Cependant, elle nommera dans les prochains jours un mandataire chargé d'étendre le marché québécois du doublage aux DVD, documentaires et téléséries.

«Je ne pense pas qu'il y ait péril en la demeure», a dit la ministre en point de presse.

L'Action démocratique de Mario Dumont a accentué la pression sur le gouvernement, en matinée, en déposant le projet de loi 193, qui ferait en sorte que tous les films en langue étrangère et vus sur les écrans du Québec seraient doublés en français du Québec et non, comme c'est souvent le cas, en argot français.
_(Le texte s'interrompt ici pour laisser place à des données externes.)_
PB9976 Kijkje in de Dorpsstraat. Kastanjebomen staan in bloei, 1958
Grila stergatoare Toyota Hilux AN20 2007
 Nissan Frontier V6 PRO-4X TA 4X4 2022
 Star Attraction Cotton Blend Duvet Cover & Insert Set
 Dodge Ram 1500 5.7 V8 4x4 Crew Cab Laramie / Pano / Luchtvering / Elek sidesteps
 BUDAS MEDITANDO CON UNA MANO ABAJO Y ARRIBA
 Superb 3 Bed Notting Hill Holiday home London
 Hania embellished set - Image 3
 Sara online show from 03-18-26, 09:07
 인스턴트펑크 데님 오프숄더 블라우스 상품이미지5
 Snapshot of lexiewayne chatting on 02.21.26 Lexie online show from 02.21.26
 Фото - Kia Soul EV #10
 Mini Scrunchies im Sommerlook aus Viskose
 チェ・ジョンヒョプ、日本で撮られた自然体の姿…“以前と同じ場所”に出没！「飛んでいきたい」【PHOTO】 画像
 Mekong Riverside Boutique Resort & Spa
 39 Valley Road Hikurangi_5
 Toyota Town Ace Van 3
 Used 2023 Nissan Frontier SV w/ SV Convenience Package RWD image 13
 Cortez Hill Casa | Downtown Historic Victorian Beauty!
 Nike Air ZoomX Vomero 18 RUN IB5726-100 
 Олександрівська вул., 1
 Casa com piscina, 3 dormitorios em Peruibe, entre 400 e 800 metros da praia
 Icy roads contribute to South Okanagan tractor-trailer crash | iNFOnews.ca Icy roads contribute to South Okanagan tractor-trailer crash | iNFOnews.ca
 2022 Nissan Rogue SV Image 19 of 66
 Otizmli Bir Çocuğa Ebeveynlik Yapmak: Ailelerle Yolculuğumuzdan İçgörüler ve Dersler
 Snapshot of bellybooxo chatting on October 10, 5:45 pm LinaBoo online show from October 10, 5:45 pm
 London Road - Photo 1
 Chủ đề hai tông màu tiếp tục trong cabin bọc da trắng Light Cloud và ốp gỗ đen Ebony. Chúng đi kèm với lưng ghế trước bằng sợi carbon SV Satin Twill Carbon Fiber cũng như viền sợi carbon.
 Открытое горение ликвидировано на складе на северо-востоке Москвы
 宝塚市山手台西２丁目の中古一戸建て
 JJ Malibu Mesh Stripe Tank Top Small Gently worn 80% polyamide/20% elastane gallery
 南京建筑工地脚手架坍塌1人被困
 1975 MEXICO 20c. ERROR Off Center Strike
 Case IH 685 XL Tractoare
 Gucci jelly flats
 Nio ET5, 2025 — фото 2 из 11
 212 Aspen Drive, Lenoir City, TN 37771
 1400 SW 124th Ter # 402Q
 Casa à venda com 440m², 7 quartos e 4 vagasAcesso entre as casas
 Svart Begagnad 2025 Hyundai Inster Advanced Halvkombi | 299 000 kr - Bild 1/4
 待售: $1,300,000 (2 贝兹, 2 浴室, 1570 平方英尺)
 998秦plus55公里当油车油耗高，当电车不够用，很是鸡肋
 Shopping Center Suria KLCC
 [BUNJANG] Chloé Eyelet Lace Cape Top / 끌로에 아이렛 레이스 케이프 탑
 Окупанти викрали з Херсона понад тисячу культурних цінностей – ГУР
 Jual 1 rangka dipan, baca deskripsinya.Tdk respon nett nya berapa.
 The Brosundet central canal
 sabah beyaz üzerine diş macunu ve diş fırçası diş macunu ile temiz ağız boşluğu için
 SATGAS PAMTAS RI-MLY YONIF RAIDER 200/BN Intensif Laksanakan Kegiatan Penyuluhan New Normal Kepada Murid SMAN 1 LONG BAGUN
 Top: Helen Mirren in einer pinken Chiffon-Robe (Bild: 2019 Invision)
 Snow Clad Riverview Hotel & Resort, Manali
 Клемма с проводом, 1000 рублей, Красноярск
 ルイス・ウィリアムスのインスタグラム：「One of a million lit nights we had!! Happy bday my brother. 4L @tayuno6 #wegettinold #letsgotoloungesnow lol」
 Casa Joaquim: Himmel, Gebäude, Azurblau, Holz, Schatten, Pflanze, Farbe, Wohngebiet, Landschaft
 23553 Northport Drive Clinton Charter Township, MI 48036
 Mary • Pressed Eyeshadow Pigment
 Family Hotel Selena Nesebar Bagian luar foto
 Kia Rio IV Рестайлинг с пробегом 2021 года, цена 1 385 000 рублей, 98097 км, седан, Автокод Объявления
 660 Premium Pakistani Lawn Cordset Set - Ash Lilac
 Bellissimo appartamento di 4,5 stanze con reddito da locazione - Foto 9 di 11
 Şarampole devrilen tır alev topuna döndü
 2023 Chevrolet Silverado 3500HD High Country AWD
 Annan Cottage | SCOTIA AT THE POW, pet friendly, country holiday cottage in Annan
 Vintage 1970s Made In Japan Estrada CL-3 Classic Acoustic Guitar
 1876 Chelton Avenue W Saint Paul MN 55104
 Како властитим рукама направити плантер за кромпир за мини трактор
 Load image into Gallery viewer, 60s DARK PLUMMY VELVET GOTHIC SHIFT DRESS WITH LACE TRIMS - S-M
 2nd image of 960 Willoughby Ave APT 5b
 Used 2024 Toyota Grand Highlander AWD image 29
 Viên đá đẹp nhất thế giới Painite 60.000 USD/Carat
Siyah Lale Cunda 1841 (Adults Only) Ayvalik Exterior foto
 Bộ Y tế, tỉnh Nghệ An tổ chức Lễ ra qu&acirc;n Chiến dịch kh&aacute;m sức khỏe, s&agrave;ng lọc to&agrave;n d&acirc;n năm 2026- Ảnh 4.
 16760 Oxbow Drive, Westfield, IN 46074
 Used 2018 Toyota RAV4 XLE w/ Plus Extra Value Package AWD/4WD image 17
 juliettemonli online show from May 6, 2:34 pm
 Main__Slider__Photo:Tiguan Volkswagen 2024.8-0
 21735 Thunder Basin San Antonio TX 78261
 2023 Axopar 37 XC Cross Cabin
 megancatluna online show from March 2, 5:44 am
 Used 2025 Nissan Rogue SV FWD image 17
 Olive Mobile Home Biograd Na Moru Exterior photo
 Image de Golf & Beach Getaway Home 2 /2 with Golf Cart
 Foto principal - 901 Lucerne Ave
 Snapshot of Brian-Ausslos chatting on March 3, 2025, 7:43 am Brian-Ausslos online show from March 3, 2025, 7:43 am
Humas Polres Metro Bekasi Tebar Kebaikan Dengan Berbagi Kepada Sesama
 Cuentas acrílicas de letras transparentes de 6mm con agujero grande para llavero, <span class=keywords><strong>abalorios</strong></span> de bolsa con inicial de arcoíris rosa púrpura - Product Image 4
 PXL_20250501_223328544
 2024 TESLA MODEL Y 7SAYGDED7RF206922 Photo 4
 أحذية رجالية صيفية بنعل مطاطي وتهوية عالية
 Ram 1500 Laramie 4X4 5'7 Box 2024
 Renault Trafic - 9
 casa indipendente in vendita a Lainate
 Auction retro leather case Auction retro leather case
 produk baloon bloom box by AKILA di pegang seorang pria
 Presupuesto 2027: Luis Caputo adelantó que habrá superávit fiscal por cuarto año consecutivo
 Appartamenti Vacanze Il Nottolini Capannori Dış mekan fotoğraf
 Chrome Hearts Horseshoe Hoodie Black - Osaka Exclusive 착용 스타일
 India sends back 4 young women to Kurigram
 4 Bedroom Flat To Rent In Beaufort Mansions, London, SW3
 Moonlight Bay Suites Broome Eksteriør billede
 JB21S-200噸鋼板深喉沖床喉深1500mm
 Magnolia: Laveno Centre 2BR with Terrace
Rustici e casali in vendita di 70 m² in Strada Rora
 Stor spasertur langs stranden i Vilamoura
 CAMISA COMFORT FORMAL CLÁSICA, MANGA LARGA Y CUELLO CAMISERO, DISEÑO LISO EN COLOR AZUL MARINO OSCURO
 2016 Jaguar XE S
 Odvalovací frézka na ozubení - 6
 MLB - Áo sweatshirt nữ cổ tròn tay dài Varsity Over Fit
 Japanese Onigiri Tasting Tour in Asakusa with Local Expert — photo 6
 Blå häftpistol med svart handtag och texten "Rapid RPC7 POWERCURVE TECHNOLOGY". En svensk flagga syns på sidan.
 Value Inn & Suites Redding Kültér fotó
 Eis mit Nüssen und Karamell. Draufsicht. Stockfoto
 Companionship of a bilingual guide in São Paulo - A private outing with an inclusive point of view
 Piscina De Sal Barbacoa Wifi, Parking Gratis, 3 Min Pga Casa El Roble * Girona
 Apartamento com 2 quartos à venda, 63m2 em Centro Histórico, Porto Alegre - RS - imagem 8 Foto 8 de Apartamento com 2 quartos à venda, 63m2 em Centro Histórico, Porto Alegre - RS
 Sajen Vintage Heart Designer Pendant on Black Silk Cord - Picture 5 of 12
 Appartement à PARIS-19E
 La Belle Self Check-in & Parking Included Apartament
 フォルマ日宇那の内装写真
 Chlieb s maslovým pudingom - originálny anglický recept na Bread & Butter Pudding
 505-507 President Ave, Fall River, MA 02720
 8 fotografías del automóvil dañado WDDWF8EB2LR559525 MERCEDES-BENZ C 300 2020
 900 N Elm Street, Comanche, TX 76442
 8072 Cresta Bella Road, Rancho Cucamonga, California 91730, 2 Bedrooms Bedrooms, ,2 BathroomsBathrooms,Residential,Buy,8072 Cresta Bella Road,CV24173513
En vertu des règles en vigueur, il y a cependant bien peu de chances que le projet de loi soit adopté, vu qu'il a été déposé par l'opposition.

Depuis 2003, la position du gouvernement Charest, comme c'était le cas avec le gouvernement péquiste antérieurement, consiste à éviter de légiférer dans ce dossier pour privilégier une approche de persuasion, en vue de ne pas braquer les grands producteurs américains.

Déjà, on estime que 72 pour cent des films diffusés en salle au Québec en 2006 ont été doublés au Québec.

Cependant, l'industrie du doublage de même que l'Union des artistes (UDA) ont sonné l'alarme en s'inquiétant du fait que le Québec est en perte de vitesse, compte tenu qu'en 2004 la proportion de films doublés au Québec atteignait 78 pour cent.

Il peut en coûter entre 70 000 $ et 75 000 $ pour doubler un film en français au Québec.

Selon le gouvernement, le doublage obligatoire au Québec pourrait éloigner de petits distributeurs qui jugeraient le coût trop élevé, et ainsi diminuer la diversité de films offerts aux cinéphiles.

Depuis qu'il est dans l'opposition, le Parti québécois a changé son fusil d'épaule et croit lui aussi que le doublage des films en français du Québec devrait être imposé par une loi.

Le porte-parole de l'opposition péquiste en culture et ex-président de l'Union des artistes, Pierre Curzi, justifie ce changement de cap par le fait que la situation a évolué depuis.

L'adoption de la convention sur la diversité culturelle, même si elle est boudée par les États-Unis, crée «un cadre juridique qui change la donne», a-t-il dit, en entrevue.

Si on ne légifère pas, il craint que «tout ce qui n'est pas un gros «blockbuster» risque d'être offert uniquement en anglais, et ça, ça n'a pas de bon sens, ce n'est pas tolérable».

Selon le chef de l'opposition officielle, le Québec devrait prendre exemple sur la France.

«Si le Québec créait le même genre d'obligation, au bout d'une couple d'années, plus personne ne parlerait de ça, ce serait un automatisme, puis, ce serait un réflexe ancré», a fait valoir Mario Dumont, en conférence de presse.

Selon lui, le Québec, malgré son marché beaucoup moins important, n'a rien à envier à la France et peut imposer sa loi aux grands du cinéma hollywoodien.

«Il faut éviter de se voir trop petits», a-t-il dit.